Back to Orange Square, or "La Plaza de los Naranjos", as it is called in Spanish, expect to meet with stately buildings, small shops, art galleries, bars and bistros and is a hub of activity day and night. And, depending on the time of year, the colours here can be vibrant, with the trees and exotic tropical plants set against a backdrop of dazzling white buildings and a deep blue sky.
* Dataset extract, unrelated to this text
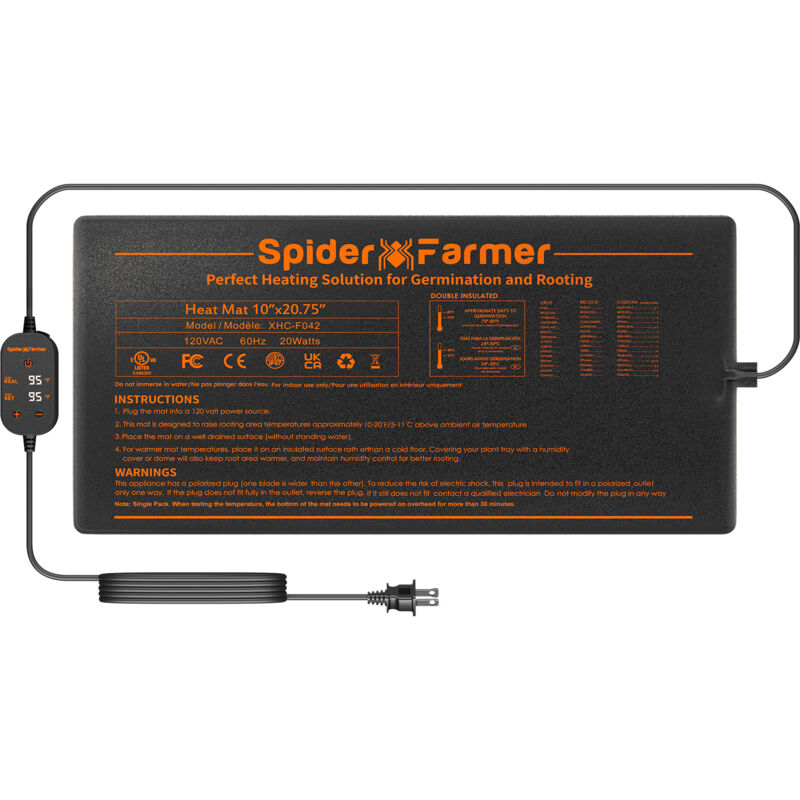 Spider Farmer - 52 x 25 cm Heizmatte für Setzlinge, Keimmatte mit Temperaturregler für den Indoor-Anbau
Be sure to explore the honeycomb of surrounding narrow streets where homes and shops intermingle to create the atmosphere of a small village, rather than a cosmopolitan town. There are numerous excellent restaurants to choose from, ranging from those specialising in the predictably pricey exclusive cordon bleu to the gritty individuality of a backstreet Spanish bar where the Serrano ham is gently cured by tobacco smoke and the tapas are both tasty and filling.
Back towards the coast is the La Alameda park where you can book your personal horse and carriage to travel in style or, if you prefer, stroll on towards the sea along the Avenida del Mar. This is arguably one of the most delightful promenades on the costa, flanked by classy restaurants and bars and mercifully free of concrete skyscrapers, glass bottom boat trips, imported shells and I love .... T-Shirts that are fast bringing a sameness to coastal resorts, whether they be in Pathos, Cyprus or Portimao, Portugal.
From Guadalalmina to Cabopino, the Marbella coastline stretches along some 26 kilometres of sunny beaches bathed by the Mediterranean and where you can enjoy traditional fish and seafood favourites like sardines on a spit, fried fish and the incomparable paella. There are also two large parks in Marbella which provide some welcome shade to spend some time with a book. The amphitheatre at Constitution Park (once the garden of a private residence) is frequently used for concerts and plays in the summer. Casinos, clubs and just about every sporting activity under the sun, few places can match Marbella for world class tennis, sailing and golf. There are also three pleasure craft harbours here.
Puerto Banús
However for the ultimate in coastal charisma it would be hard to beat Puerto Banús, just west of the town. This is the place to be pampered yachtside and watch the world go by or window shop at one of several of the world renowned fashion houses and boutiques. The port has grown considerably over the years and now includes a casino, commercial shopping centre, El Corte Ingles department store, marine observatory and a multi cinema with films shown in their original soundtrack. The nightlife is buzzing here with alfresco bars, piano clubs and discos which are open dusk until dawn.